Ob der Plan aufgeht, Bewerbende von einer bestimmten Unternehmenseigenschaft so nachdrücklich zu überzeugen, dass sie sich für einen prämierten Arbeitgeber entscheiden, lässt sich nicht eindeutig beantworten. Studien der Gütesiegelverleiher belegen die positive Wirkung mit eigenen Zahlen; gleichzeitig ergeben andere Untersuchungen, dass Kandidatinnen und Kandidaten die Prämierung von Arbeitgebern häufig nicht als vertrauenswürdig erscheint. Zum einen, weil angehende Professionals zwischen der Masse der Zertifikate nicht mehr unterscheiden können; zum anderen, weil die zugrunde liegenden Bewertungsverfahren nicht transparent sind. Auch Arbeitgeber schauen bei der Expansion der Arbeitgeber-Awards viel genauer hin: Wollen sie mit einer Zertifizierung in erster Linie ihre Employer Brand und ihr Recruiting unterstützen? Dann spielt die Art der Erhebung eher eine untergeordnete Rolle. Oder möchten sie in erster Linie ihre HR-Aktivitäten wie etwa Arbeitszeitmodelle oder Aufstiegschancen evaluieren lassen, um Baustellen zu identifizieren, sich mit Mitbewerbern zu messen oder State of the Art zu sein? In diesen Fällen prüfen sie die Methoden der Auditierung sehr genau.

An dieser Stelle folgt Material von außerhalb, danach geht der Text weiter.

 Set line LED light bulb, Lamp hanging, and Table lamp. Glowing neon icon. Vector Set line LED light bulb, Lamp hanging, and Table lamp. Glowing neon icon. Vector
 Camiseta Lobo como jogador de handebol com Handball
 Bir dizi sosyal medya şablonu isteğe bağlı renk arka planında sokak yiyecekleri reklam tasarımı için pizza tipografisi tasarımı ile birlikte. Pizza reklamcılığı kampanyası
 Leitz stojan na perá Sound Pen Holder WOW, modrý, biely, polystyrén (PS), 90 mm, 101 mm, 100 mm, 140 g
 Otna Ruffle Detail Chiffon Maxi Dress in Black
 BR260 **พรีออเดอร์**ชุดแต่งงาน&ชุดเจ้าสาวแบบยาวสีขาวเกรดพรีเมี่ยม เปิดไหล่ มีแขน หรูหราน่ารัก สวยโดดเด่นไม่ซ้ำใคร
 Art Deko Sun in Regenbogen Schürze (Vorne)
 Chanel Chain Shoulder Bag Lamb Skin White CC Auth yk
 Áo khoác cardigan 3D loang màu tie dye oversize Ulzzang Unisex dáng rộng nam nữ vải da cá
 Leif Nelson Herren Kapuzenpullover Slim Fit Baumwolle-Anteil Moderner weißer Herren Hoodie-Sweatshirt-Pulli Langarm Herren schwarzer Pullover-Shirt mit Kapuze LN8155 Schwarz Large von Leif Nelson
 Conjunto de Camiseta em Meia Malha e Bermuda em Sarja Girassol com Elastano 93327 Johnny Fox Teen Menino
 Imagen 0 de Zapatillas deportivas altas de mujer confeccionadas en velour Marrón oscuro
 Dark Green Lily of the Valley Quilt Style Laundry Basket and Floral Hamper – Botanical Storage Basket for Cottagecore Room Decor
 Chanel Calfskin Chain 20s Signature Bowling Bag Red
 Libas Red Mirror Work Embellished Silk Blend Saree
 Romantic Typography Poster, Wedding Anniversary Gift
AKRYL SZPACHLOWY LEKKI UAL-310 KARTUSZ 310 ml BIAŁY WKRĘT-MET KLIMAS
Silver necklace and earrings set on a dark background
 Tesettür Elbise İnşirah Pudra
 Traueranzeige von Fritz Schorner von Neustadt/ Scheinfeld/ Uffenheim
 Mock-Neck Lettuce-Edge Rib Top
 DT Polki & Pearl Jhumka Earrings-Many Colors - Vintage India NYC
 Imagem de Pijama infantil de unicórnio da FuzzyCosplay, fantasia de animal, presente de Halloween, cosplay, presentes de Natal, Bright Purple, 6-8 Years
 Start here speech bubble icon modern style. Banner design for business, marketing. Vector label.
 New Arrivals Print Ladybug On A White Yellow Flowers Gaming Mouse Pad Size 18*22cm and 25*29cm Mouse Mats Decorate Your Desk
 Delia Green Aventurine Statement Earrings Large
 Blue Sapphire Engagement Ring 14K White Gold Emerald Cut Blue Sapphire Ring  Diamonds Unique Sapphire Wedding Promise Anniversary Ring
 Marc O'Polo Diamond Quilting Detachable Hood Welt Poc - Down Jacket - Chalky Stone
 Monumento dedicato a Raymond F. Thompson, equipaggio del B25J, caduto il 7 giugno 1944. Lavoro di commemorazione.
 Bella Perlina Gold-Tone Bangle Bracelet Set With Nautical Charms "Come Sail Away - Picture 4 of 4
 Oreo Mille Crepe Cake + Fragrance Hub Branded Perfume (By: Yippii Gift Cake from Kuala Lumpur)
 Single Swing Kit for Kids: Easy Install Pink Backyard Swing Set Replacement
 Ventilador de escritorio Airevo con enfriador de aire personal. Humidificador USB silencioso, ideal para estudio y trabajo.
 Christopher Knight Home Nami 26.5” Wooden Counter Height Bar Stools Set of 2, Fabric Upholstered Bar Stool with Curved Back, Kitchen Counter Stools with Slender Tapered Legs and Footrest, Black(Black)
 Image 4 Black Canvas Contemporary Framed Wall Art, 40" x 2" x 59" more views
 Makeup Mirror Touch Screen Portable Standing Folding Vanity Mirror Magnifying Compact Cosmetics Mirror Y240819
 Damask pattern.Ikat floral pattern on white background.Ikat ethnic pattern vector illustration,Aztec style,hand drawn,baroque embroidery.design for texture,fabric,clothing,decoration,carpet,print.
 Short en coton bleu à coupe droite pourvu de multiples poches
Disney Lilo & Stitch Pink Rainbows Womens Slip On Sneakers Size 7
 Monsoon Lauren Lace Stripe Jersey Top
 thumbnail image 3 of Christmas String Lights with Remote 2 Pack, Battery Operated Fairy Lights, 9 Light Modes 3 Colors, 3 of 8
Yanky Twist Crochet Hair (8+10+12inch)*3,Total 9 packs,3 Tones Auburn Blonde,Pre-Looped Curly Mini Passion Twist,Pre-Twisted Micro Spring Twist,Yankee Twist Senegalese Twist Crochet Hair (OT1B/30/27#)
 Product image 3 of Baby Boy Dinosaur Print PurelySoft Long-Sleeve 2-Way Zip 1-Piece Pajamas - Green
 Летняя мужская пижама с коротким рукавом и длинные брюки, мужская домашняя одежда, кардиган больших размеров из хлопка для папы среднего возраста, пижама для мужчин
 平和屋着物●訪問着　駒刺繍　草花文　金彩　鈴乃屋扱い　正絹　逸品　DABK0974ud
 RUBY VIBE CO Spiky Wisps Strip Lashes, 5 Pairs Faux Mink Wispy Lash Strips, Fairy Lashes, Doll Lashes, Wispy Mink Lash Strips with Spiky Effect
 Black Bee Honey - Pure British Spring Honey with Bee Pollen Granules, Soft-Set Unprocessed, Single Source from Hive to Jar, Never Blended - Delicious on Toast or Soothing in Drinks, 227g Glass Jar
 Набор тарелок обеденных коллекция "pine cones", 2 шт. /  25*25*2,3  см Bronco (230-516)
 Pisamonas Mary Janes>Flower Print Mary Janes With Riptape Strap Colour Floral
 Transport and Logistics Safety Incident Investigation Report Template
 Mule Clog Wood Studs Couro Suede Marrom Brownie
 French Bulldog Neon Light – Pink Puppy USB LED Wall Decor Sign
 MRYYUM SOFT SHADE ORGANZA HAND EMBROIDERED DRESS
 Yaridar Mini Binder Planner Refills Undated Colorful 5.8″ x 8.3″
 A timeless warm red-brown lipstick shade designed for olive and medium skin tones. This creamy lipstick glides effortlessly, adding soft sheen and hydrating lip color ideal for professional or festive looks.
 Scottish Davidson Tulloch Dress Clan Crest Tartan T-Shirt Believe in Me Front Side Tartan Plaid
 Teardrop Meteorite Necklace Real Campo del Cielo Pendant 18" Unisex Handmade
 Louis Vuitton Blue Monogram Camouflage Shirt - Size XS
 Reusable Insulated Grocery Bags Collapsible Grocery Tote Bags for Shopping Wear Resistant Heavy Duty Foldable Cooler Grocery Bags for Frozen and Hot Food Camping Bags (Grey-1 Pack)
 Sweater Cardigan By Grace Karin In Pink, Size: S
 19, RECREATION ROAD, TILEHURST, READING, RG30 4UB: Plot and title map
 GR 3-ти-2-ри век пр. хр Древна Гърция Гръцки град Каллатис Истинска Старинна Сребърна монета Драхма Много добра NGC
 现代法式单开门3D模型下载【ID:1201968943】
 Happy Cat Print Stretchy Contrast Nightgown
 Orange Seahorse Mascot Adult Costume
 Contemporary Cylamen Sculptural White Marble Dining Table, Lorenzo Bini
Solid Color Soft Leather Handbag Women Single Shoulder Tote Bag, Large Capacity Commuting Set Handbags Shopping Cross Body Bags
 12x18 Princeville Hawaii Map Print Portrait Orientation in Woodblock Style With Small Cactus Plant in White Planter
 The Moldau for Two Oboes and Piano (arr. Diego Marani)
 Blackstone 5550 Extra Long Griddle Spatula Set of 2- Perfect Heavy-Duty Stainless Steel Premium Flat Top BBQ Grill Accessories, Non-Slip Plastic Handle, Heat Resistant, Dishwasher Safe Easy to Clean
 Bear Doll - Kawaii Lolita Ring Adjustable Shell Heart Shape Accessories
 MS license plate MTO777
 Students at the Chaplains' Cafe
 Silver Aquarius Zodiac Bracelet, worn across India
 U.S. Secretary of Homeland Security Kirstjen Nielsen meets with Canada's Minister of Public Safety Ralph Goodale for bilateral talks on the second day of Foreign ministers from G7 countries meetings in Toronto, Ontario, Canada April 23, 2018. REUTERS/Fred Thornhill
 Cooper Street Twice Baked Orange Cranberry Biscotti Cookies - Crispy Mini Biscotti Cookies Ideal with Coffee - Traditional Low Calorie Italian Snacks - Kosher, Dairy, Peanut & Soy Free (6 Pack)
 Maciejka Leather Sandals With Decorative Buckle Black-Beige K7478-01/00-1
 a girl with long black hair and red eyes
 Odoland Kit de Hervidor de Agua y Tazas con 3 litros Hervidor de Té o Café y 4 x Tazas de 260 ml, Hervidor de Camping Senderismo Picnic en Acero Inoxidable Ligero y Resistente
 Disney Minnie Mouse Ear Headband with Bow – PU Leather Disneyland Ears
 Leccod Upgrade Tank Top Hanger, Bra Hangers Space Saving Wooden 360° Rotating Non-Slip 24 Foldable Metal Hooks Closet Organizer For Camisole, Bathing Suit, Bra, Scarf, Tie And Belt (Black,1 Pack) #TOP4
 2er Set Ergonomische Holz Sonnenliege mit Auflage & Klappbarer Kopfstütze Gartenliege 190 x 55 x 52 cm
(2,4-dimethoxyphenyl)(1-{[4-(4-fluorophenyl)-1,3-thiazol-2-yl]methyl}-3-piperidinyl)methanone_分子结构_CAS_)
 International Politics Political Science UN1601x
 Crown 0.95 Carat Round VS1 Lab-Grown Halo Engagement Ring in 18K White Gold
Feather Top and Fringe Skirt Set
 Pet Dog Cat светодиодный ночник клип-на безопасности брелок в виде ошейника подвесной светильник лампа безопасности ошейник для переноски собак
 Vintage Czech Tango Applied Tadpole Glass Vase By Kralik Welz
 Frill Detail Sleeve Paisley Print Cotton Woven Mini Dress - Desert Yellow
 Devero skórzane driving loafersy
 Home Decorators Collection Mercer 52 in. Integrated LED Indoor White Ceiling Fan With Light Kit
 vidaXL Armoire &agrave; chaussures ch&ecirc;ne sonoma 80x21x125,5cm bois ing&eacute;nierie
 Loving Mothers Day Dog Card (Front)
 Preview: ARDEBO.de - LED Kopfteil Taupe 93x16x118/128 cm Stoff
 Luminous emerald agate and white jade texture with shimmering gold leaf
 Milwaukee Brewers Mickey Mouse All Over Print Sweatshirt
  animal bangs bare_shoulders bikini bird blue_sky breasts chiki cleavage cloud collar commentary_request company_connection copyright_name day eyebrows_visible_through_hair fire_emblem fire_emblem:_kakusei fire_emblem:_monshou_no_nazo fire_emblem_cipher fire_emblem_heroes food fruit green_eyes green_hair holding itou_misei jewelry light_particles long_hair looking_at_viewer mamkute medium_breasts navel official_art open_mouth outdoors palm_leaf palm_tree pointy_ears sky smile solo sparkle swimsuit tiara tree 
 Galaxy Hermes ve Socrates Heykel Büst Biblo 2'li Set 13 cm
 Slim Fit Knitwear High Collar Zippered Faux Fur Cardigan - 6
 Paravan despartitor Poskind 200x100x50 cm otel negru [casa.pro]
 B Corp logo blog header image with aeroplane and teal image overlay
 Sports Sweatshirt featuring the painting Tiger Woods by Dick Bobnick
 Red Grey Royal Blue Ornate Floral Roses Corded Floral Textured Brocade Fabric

Lohngefälle auf dem Prüfstand
Entgelttransparenz im Unternehmen ist – anders als zum Beispiel Fahrradfreundlichkeit oder Kinderbetreuung während der Arbeitszeit – kein „nice-to-have“, sondern ab 2026 gesetzliche Pflicht. Während sich Fahrradfreundlichkeit einfach durch das Zählen beispielsweise von E-Bikes und Ladestationen nachweisen lässt und Kinderbetreuung durch das Ausrechnen der vorhandenen Plätze sowie die Nennung großzügiger Öffnungszeiten, ist der Beweis der Lohngleichheit von Frau und Mann ungleich schwieriger zu erbringen. Für die Mehrzahl der Arbeitgeber ist die Aufgabe noch Neuland. Daher befassen sich etliche bereits jetzt damit, obwohl sie sich theoretisch noch Zeit lassen könnten: Der Gesetzgeber muss die Richtlinie erst bis 2026 in nationales Gesetz umsetzen. Was aber schon heute feststeht: Unternehmen mit mehr als 250 Beschäftigten sind r verpflichtet, jährlich über ihr Lohngefälle zu berichten. Nach jetzigem Stand sollen Betriebe ab 150 Beschäftigten alle drei Jahre berichten.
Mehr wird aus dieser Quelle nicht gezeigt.